## About this exercise
Output word for word the lines from the one with "View of picturesque" to the final line of the data, both ends included, but skip the pictures.

*** Begin section ***

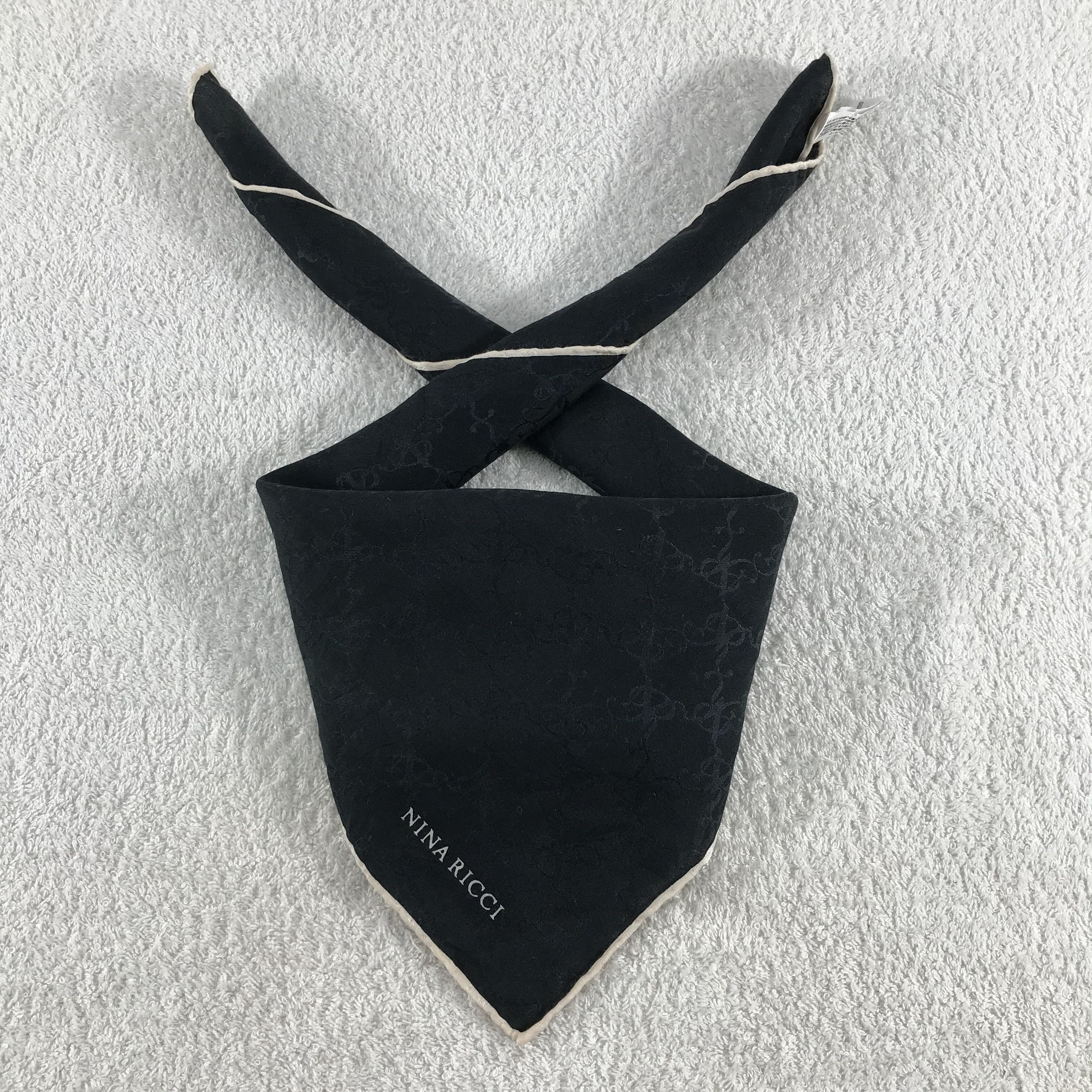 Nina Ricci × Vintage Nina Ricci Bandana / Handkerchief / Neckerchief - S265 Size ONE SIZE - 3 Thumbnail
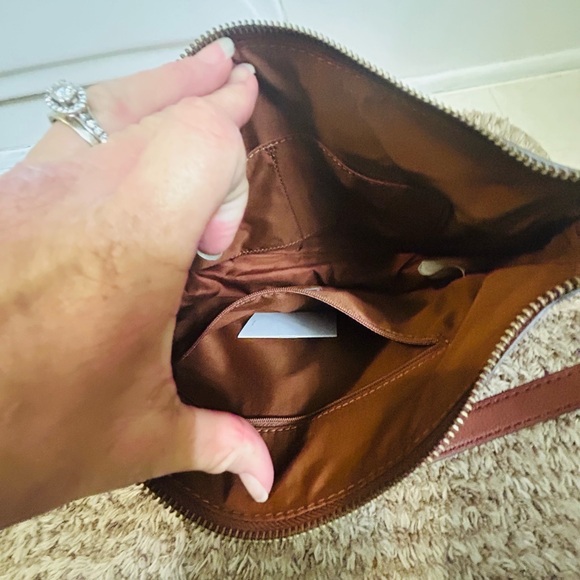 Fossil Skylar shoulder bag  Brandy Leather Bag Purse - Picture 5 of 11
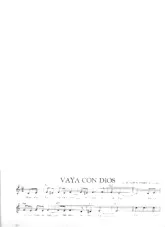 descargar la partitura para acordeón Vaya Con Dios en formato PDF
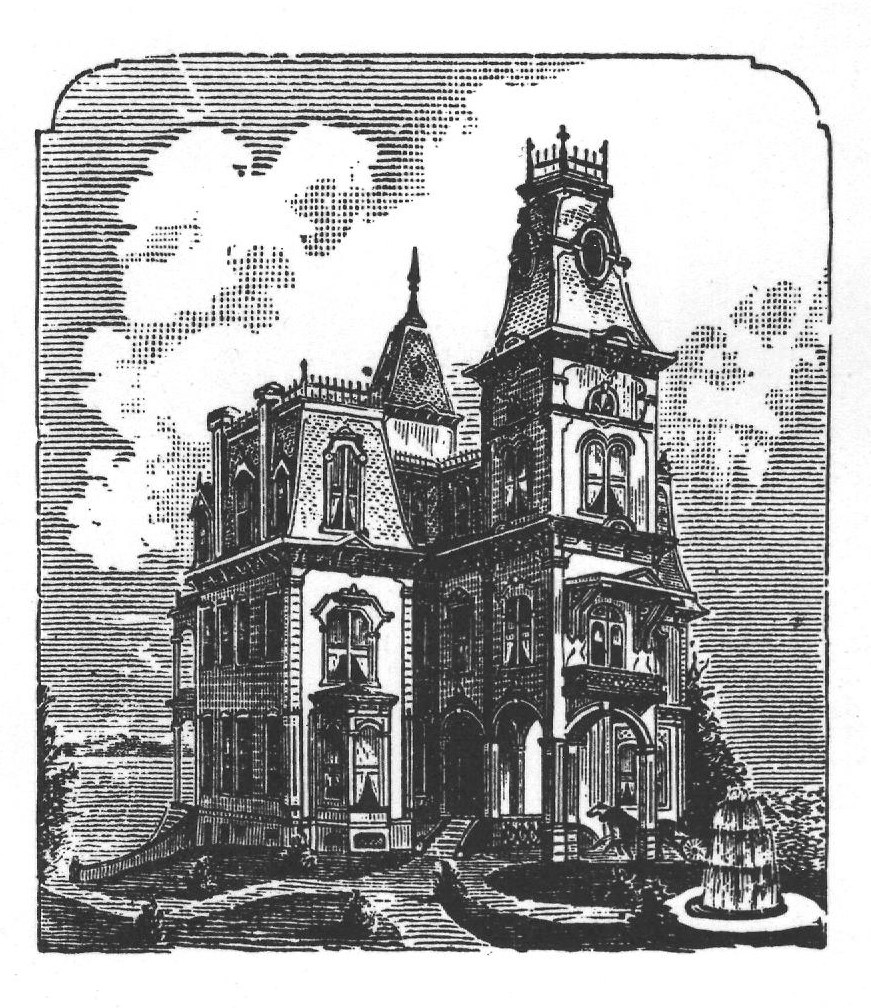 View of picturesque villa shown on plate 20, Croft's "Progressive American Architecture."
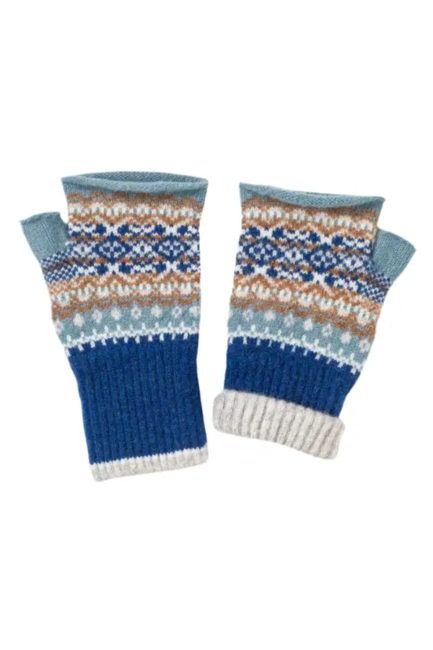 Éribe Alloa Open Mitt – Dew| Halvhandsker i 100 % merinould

*** End section ***

## Task answer
 View of picturesque villa shown on plate 20, Croft's "Progressive American Architecture."
 Éribe Alloa Open Mitt – Dew| Halvhandsker i 100 % merinould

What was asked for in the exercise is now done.